Bruce Weinstein is the author of Ethical Intelligence: Five Principles for Untangling your Toughest Problems at Work and Beyond. He talks about the idea of “Ethical Intelligence” being the equivalent of “Emotional Intelligence” that became the rage in the 1990s. His five guiding principles of Ethical Intelligence are:
- Do no harm.
- Make things better.
- Respect others.
- Be fair.
- Be loving.
Nothing could be simpler, or more difficult.
Fairness is a concept that is elemental in business; it’s the presumption that makes commerce and workplace transactions possible. We expect fair pay, a fair price, a fair offer, fair treatment and fair trade. But what happens when something is not fair?
Humans regard fairness as an important virtue, but don’t get a big head – we’re not alone. According to a 2008 New York Times article, even dogs get disgusted when they perceive uneven treatment.
“Scientists in Austria report in The Proceedings of the National Academy of Sciences that a dog may stop obeying a command if it sees that another dog is getting a better deal.” Dogs in the study (as dogs always are) were happy to “shake paws” all day long for absolutely no reward. That is, until the researchers started giving one dog a treat when he shook paws. The remaining dogs took longer and longer to respond to the command, and eventually stopped responding at all.
This followed a 2003 study in which monkeys exchanged rocks for a cucumber treat. The monkeys became insulted when some of them started getting better treats (highly coveted grapes) instead of the cucumbers. “The one who got cucumber became very agitated, threw out the food, threw out the rock that we exchanged with them, and at some point just stopped performing,” said one of the researchers.
I can relate. Workplace humans throw similar tantrums when they perceive unfairness, whether it’s over salary or perks, office location, or the length of their walk from the parking lot. In management, the Equity Theory says that individuals judge the fairness of their treatment based on how others like them are treated. Individual temperaments and upbringing will also make a difference in how strong a person’s response will be to perceived unfairness.
If you have strong reactions to what you see as unfair behavior or treatment, author Bruce Weinstein suggests that lashing out may not be the best response. Here are his suggestions for an ethically intelligent way to handle injustice.

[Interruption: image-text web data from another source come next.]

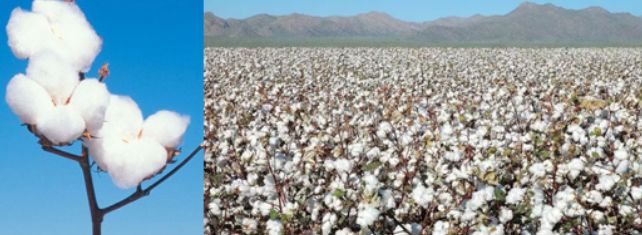 中国武备*物文**中的异域元素：印度梵文，波斯镔铁，非洲驴骡运军粮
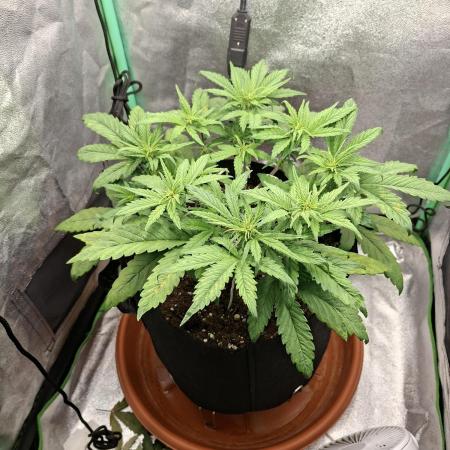 Diablo rojo XL by Sweet Seeds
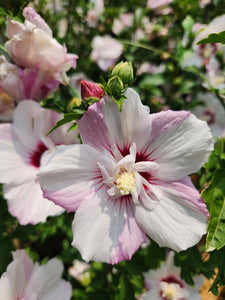 Fiji Rose of Sharon - First Editions®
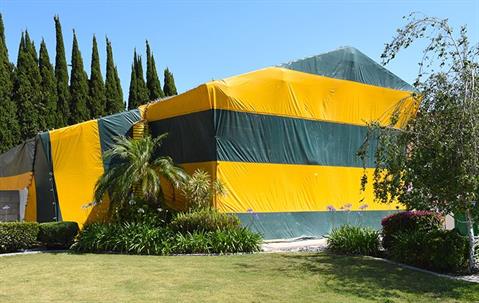 Tent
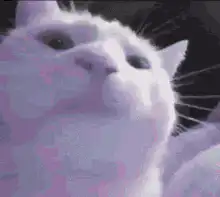 pixel art cat head zoom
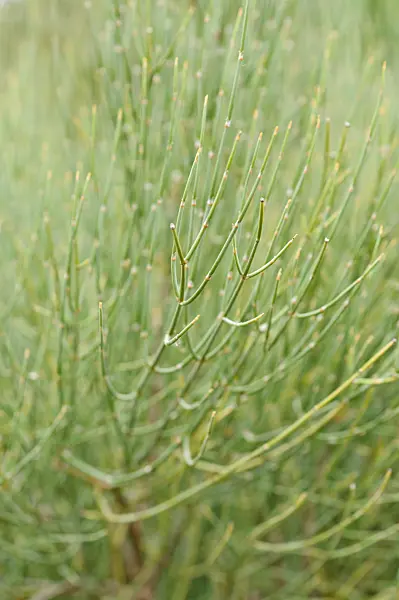 473176 - Ephedra major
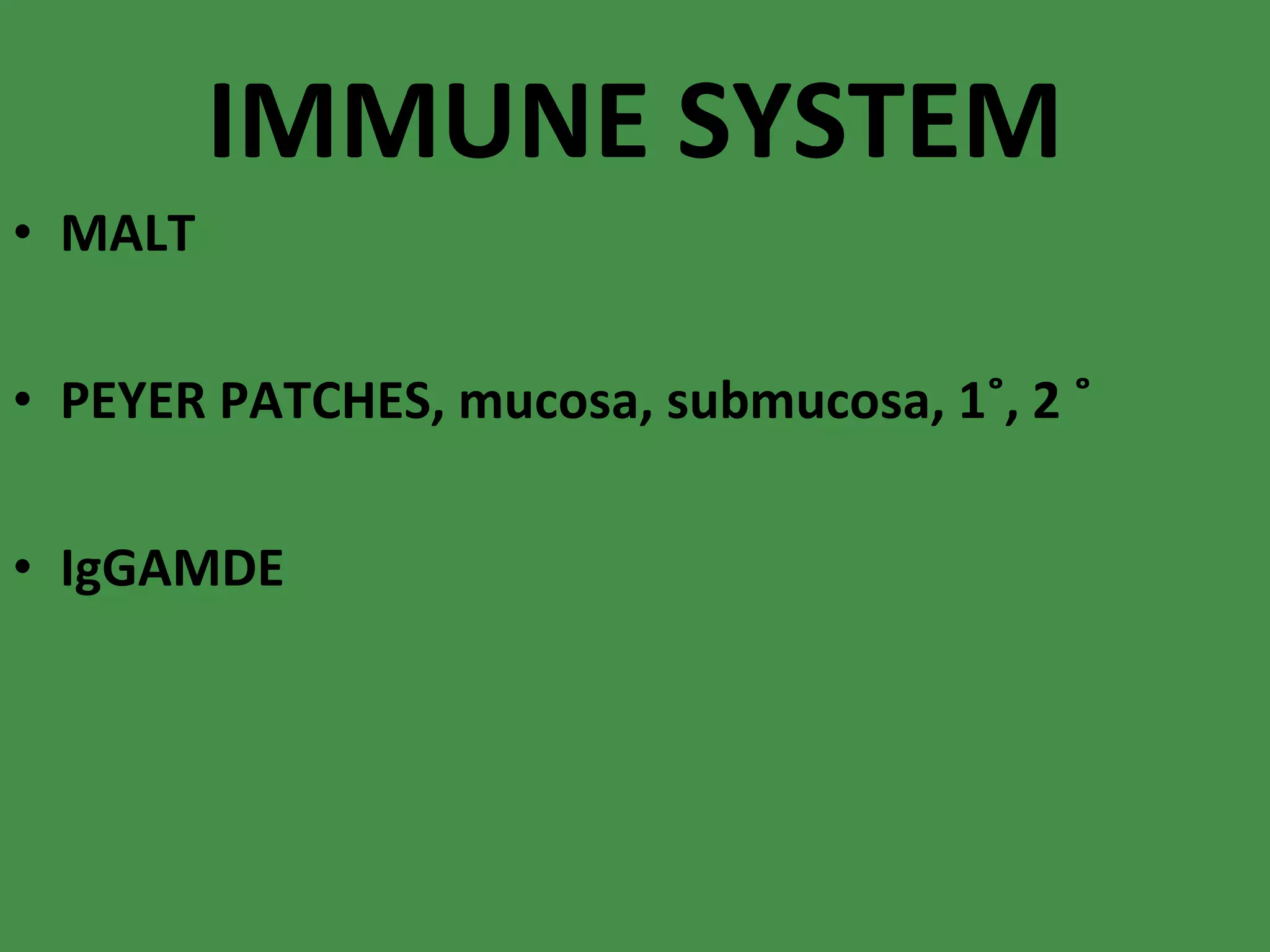 IMMUNE SYSTEM MALT PEYER PATCHES, mucosa, submucosa, 1˚, 2 ˚ IgGAMDE 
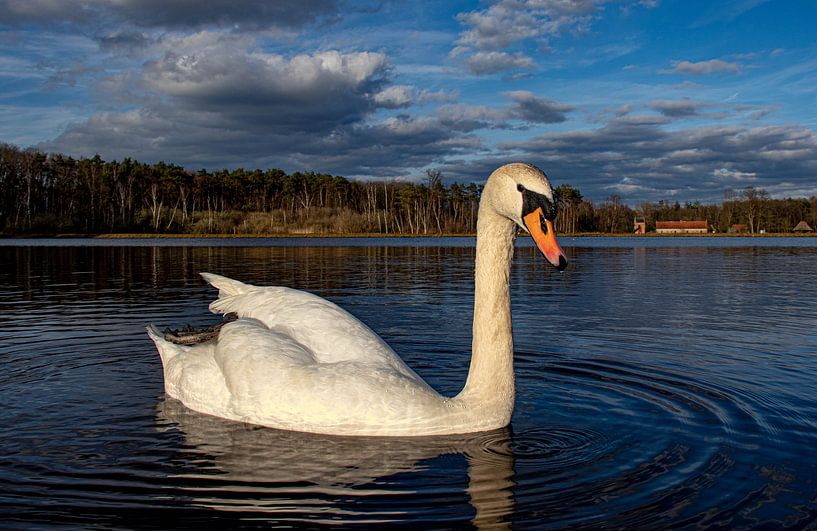 swan in calm water by Rob Baerts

- Realize that the other party is to blame, not you. You don’t deserve to be (insulted, discriminated against, or ignored) but it’s not your fault. In fact, it may not even be about you; it may not be intended personally at all.
- Refuse to let the situation get the best of you. Rage is not a good look on anyone, and if you can remain calm in the face of injustice, you will gain respect and a reputation for rising above petty issues.
- Respond in a way that brings out the best in you. You can choose from a number of classy responses: icy politeness, gentle forgiveness, or loving reprimand (“I’m sure you didn’t intend to play favorites; you’re a much better manager than that.”)
Being able to assume goodwill when possible will help keep you from overreacting. Nothing is more embarrassing than overreacting to a perceived slight and then having to backtrack. Hanlon’s Razor cites: “Never attribute to malice that which is adequately explained by stupidity.” It’s this philosophy that has allowed me to remain, well, philosophical, when life seems unfair.